Reviving Alvar
By Francine Fialkoff -- Library Journal, 9/15/2006
When Library Journal launched the “Library Makeover” concept in 2005 at the Queens Borough Public Library in New York, we had no idea that Hurricane Katrina (and Rita) would cause us to scale up our efforts so quickly. But when the storms hit, we knew that our next “makeover” had to be in one of the affected areas.
While that first project was no small feat, it was largely cosmetic. The Alvar Street Branch restoration in New Orleans was complicated not only by the destruction of furnishings but also by the loss of all the books, other materials, and computers that make a library viable.

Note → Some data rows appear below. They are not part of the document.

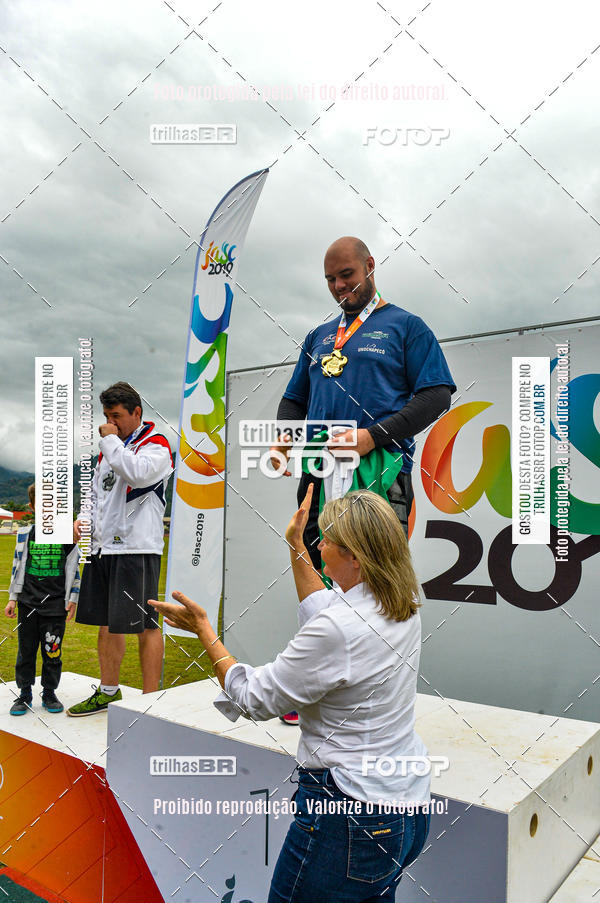 Buy your photos of the eventAtletismo - JASC on Fotop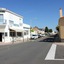 Hotel Le Bon Soleil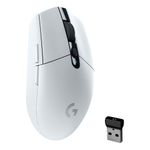 Mouse-gamer-Logitech-G305-blanco_3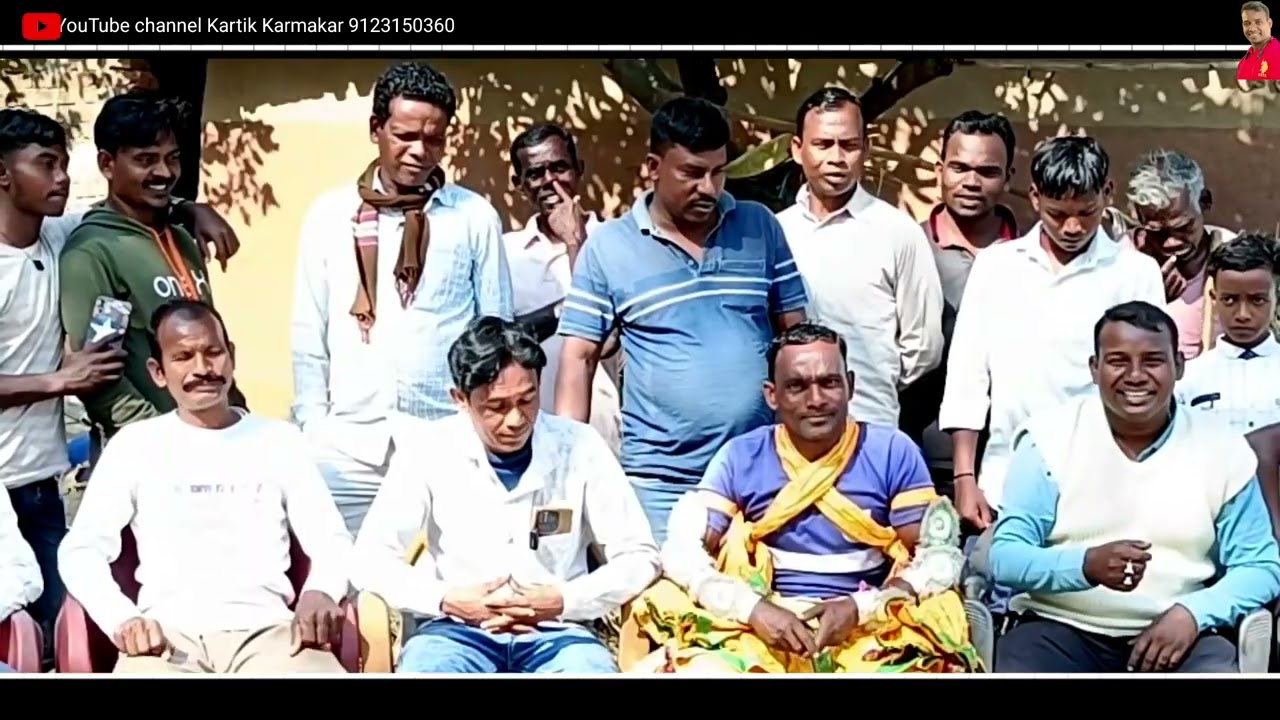 ওস্তাদের নাম বদল হয়ে গেছে বর্তমানে দেখুন কোন ওস্তাদের নাম এসেছে//Ostad Uttam Singh sardar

We had several goals at the outset. We wanted to restore a library in a neighborhood that was on the road to recovery and that had people living in it and returning home to it. We wanted the makeover to be quick: people in New Orleans had been worn down by the dislocations in their lives and by dealing with FEMA and other government agencies. We wanted to make it as easy as possible for the New Orleans Public Library (NOPL) staff, which at the time we began numbered only 19—and they were busy serving customers and keeping the few open branches operational. And, no small order, we wanted the services (or as many of them as possible) and materials to be donated. The library and city were both operating on a shoestring.

Alvar Before
LJ served as a conduit for vendors, publishers, distributors, and others in the library community to channel their commitment to libraries and to the role they play in sustaining—and rebuilding—community. This one small library in the Ninth Ward became the focal point for that passion.

Alvar After
My personal thanks go to Jeff Scherer, principal at Meyer, Scherer & Rockcastle, Ltd., an architecture and interior design firm, without whom none of this would have been possible; the generous and unfazed George Coe at Baker & Taylor; Ron Biava at the NOPL Foundation, who raised the money to pay for the hard labor that went into bringing Alvar back; contractor Keith Boudreaux, who made it all happen on time; the devoted NOPL team, including former director Bill Johnson, Geraldine Harris, Linda Marshall Hill, Elizabeth Konrad, and Tania Tetlow; the Quills Literacy Foundation (like LJ, an RBI organization), which donated seed money to NOPL; and the LJ staff. Their contributions—and that of the vendors, suppliers, and publishers who gave freely of their wares, their time, and their expertise—are on display in this story.